Known as “Indian Joe” or “Coach”, Bauer was not only a great fighter pilot but also a tremendous leader. Unlike others who sought to avoid combat with the vaunted Japanese Zero fighter, the ever-aggressive Bauer would tell his men to dogfight the Zero whenever given the chance. He based this advice on his knowledge of the Zero’s vulnerability to gunfire and his belief that there were few good Japanese aviators left after all their losses in 1942.
On October 16, 1942, Lt. Col. Bauer was leading a flight of Wildcats to Guadalcanal as reinforcements for the “Cactus Air Force” located at Henderson Field. After nearly 600 miles of flying from their base at Espiritu Santo, the Wildcats, with their fuel tanks nearly empty, looked to land at Henderson Field. Bauer noticed that a group of Japanese Aichi D3A Type 99 “Val” dive bombers attacking the submarine-tender USS McFarland (AVD-14). The McFarland had been towing a barge filled with much-needed aviation gasoline to Guadalcanal. One of the Japanese bombs struck the fuel-filled barge and created a huge fireball of burning gas. Bauer, undeterred by his low fuel state, dove his Wildcat down to just a few hundred feet above the water and attacked the Japanese formation. Maneuvering in and around the slower dive-bombers, Bauer claimed that he shot down four of the attackers.

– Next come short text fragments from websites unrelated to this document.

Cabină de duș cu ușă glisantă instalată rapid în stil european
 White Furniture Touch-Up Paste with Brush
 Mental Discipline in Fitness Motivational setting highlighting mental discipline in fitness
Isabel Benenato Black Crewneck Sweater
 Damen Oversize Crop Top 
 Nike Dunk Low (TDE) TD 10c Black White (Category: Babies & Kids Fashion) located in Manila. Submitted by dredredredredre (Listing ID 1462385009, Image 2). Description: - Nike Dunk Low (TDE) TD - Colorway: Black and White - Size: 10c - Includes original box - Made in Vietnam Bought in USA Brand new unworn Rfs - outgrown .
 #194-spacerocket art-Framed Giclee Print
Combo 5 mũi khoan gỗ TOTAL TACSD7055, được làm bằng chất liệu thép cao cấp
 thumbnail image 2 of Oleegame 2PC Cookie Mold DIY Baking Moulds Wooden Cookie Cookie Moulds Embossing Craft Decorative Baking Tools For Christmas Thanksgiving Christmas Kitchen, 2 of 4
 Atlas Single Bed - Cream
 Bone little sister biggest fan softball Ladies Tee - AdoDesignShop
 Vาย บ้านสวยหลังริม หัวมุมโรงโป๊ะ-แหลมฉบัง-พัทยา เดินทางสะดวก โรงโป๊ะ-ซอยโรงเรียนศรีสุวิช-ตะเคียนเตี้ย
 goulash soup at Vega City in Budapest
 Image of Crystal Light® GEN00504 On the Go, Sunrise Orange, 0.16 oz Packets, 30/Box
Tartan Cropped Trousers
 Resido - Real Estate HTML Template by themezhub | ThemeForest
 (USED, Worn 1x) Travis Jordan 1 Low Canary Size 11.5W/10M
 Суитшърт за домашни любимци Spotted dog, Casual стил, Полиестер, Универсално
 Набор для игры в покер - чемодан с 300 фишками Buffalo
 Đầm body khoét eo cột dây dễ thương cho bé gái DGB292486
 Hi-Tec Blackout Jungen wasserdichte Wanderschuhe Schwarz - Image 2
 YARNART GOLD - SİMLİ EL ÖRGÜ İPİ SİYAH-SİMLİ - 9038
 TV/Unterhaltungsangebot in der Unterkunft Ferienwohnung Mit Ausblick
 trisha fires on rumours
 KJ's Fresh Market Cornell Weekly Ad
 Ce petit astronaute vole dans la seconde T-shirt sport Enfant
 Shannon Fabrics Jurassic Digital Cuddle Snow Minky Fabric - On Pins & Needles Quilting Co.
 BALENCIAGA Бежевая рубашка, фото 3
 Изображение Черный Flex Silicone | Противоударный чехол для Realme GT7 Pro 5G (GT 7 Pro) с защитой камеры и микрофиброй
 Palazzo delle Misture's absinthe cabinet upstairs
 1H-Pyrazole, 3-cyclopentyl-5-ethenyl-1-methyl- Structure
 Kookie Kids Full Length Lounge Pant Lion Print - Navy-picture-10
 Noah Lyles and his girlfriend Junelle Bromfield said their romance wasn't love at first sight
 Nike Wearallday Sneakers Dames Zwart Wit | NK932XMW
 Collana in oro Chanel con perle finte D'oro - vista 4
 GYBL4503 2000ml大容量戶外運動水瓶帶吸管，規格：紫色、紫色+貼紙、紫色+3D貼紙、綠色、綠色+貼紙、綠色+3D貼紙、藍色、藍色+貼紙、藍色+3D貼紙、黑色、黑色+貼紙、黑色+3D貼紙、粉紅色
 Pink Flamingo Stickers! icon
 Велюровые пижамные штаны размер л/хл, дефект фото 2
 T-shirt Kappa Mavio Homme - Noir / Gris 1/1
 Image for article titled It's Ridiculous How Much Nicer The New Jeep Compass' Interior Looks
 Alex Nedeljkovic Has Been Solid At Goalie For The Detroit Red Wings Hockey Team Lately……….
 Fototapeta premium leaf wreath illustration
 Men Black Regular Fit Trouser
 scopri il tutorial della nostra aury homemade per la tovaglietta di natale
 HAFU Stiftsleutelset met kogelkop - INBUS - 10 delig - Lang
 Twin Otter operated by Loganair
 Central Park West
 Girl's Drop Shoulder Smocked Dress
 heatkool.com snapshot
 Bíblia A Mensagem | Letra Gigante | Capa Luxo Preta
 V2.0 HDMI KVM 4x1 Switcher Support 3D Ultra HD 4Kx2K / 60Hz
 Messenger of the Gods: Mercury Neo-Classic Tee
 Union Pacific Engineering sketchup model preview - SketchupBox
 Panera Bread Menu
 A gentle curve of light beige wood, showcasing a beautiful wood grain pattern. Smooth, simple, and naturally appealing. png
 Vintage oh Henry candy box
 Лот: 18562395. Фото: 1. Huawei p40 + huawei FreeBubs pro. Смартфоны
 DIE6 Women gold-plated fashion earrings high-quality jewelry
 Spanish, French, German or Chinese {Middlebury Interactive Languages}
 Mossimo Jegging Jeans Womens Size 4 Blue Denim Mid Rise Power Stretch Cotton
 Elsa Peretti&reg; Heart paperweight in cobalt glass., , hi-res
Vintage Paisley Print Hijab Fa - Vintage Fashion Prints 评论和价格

Bauer’s impressive fighter skills and natural leadership skills led to his being named commander of all fighter operations from Henderson Field on Guadalcanal. Despite his increased responsibilities, Bauer never shirked from flying the most challenging missions. On November 14, 1942, he lifted off from Henderson Field to take a closer look at an incoming convoy of Japanese warships and transports. As Bauer provided cover for the American dive bombers and torpedo bombers headed for the convoy, he encountered a force of Japanese Zeros, intent on defending the ships below. In the wild melee, Bauer shot down two of the Japanese fighters before his own plane was hit by enemy fire. Other Wildcat pilots, including future Medal of Honor recipient Joe Foss, saw Bauer in the water with his Mae West life vest inflated. Foss and another pilot quickly jumped into a J2F Duck aircraft and flew back to Bauer’s location. They searched but could not find Bauer. With his fate uncertain, Bauer was listed as missing in action and his death was not officially confirmed until after the end of World War II.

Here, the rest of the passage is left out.